### Richard Manning Karp

Born 3 January 1935, Boston, Massachusetts, USA

Turing Award (1985) “for his continuing contributions to the theory of algorithms including the development of efficient algorithms for network flow and other combinatorial optimization problems, the identification of polynomial-time computability with the intuitive notion of algorithmic efficiency, and, most notably, contributions to the theory of NP-completeness. Karp introduced the now standard methodology for proving problems to be NP-complete which has led to the identification of many theoretical and practical problems as being computationally difficult.”

Richard Karp was born in Boston and graduated from Harvard University in Applied Mathematics (B.A. 1955, M.S. 1956, Ph.D. 1959). After his graduation, he went to the IBM Watson Research Center in Yorktown Heights, New York. From 1964 to 1965 he was a visiting associate professor of Electrical Engineering at the University of Michigan and then returned to IBM. From 1968, Karp was a professor of Computer Science and Industrial Engineering at the University of California, Berkeley. Between 1973 and 1975 he headed the Division of Computer Science. Richard Karp was from 1980 to 1994 a professor of Mathematics at Berkeley, and from 1995 to 1999 professor of Computer Science and adjunct professor of Molecular Biotechnology at the University of Washington. From 1988 to 1995 and from 1999 to 2012 he was a researcher at the International Computer Science Institute, which he co-founded. In 1999 he returned to Berkeley, where he works as University Professor of Computer Science, Mathematics, Industrial Engineering and Bioengineering to this day. The title of University Professor is a special award, which has been awarded only 38 times previously at Berkeley. Since 2012 he has been Director of the Simons Institute for the Theory of Computing in Berkeley.

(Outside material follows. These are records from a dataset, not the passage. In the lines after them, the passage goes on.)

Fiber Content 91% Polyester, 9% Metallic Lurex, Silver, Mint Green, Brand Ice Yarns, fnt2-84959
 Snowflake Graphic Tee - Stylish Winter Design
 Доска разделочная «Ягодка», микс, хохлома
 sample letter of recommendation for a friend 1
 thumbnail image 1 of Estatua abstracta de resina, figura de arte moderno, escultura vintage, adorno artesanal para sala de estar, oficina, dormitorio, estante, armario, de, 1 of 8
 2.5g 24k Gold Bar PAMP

Richard Manning Karp holds honorary doctorates from ten universities. He is a member of the National Academy of Sciences, the National Academy of Engineering, and the recipient of numerous awards, including the U.S. National Medal of Science and the Kyoto Prize. During his teaching and research at Berkeley and Washington, Karp has supervised more than forty doctoral theses. In his spare time he is an avid reader and chess player.

There is a one million dollar prize for the answer to this question: does P = NP? But what is behind this question? Mathematical problems in the problem class P can be quickly solved. The P is the mathematical term for “quickly” and stands for polynomial. The running time of the fastest algorithms that solve the problem grows with the size of the problem at most as fast as a polynomial. NP, however, is the class of problems for which we can verify a given solution quickly. If the problem class P equaled the problem class NP, then one could find quickly solutions for all problems in NP – and if not, then the problems in NP are obviously “harder” than the problems in P.

But what problems are the hardest in NP? In 1971, Stephen Cook identified the first one: SAT, the problem of satisfiability of certain logical formulae. Cook and Karp also developed a mechanism by which one can build bridges between SAT and problems of another kind. The method is called “reduction”: one shows that one can efficiently translate problems in SAT into other problems in NP, which therefore are as hard as SAT. The bridges can even lead further: every problem that is connected with SAT in this way can by itself become the starting point for a new bridge to further problems.

Today there are thousands of problems known that are in this sense equivalent to SAT. The first 21 problems, classical bridgeheads of complexity theory, were discovered by Richard Karp and published in 1972 under the title “Reducibility Among Combinatorial Problems”. Moreover, Karp is known for a number of algorithms, including the famous Edmonds-Karp algorithm that determines the maximum flow in a network. [See Robert Endre Tarjan.]